_Data supplied_:
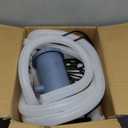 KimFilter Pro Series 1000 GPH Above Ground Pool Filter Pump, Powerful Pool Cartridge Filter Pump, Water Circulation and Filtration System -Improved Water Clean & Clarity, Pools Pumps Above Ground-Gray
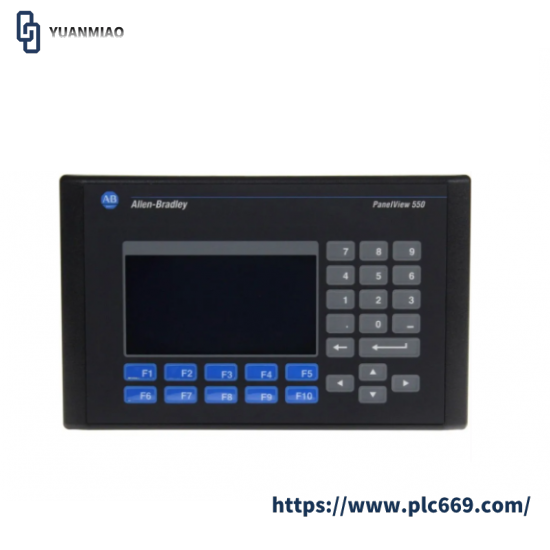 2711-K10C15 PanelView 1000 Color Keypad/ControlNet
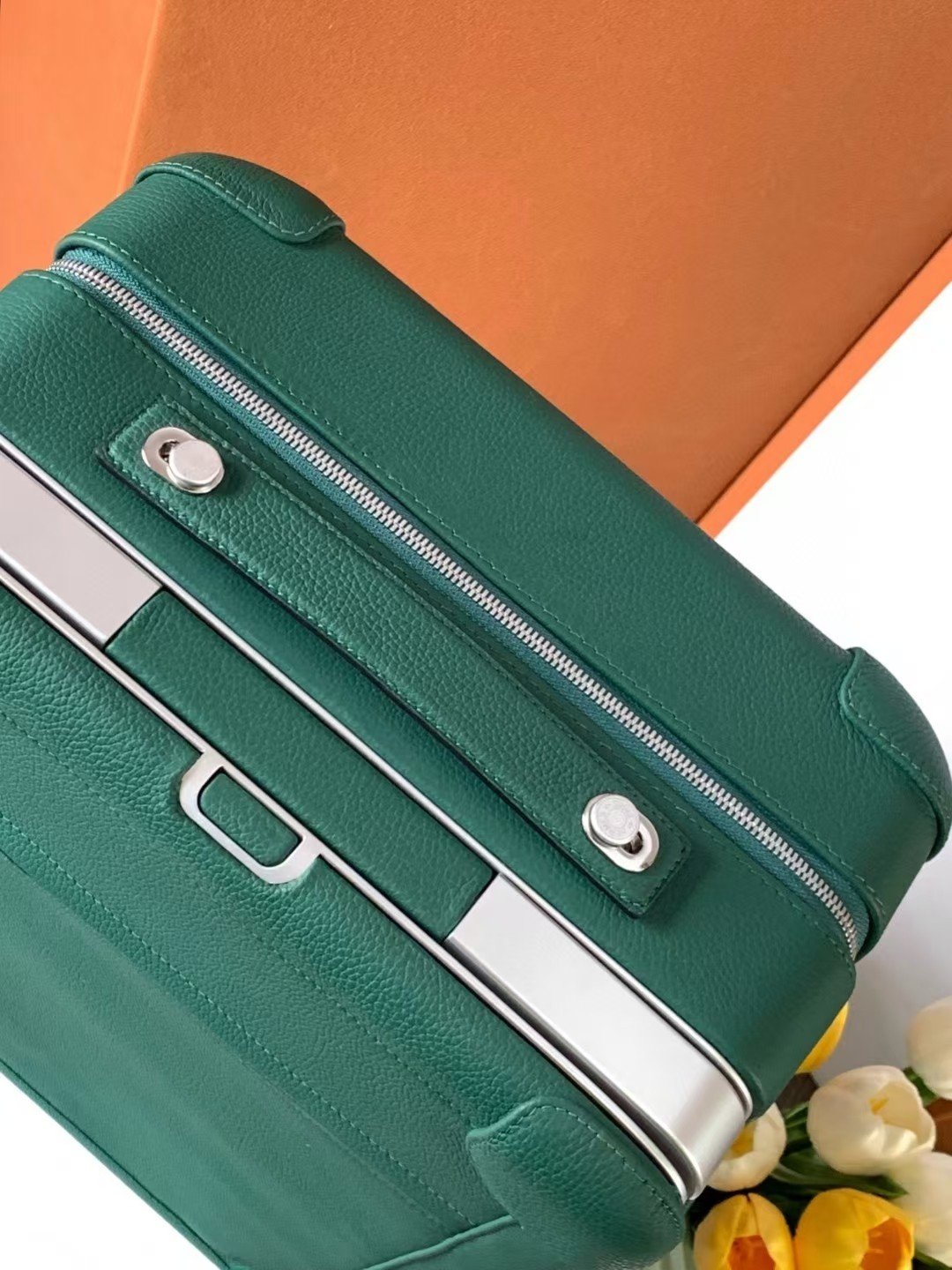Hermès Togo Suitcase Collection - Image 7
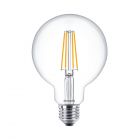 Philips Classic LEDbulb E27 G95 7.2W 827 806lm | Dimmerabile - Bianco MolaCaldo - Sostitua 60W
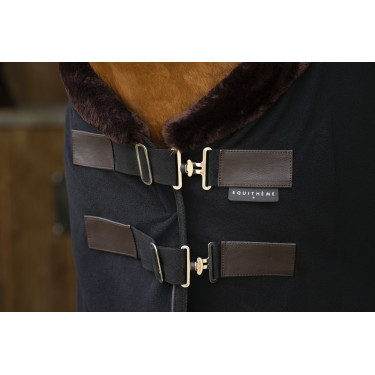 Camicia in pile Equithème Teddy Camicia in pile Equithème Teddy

_Required action_:
Skip the images and restate each record above word for word.

_Exercise result_:
 KimFilter Pro Series 1000 GPH Above Ground Pool Filter Pump, Powerful Pool Cartridge Filter Pump, Water Circulation and Filtration System -Improved Water Clean & Clarity, Pools Pumps Above Ground-Gray
 2711-K10C15 PanelView 1000 Color Keypad/ControlNet
Hermès Togo Suitcase Collection - Image 7
 Philips Classic LEDbulb E27 G95 7.2W 827 806lm | Dimmerabile - Bianco MolaCaldo - Sostitua 60W
 Camicia in pile Equithème Teddy Camicia in pile Equithème Teddy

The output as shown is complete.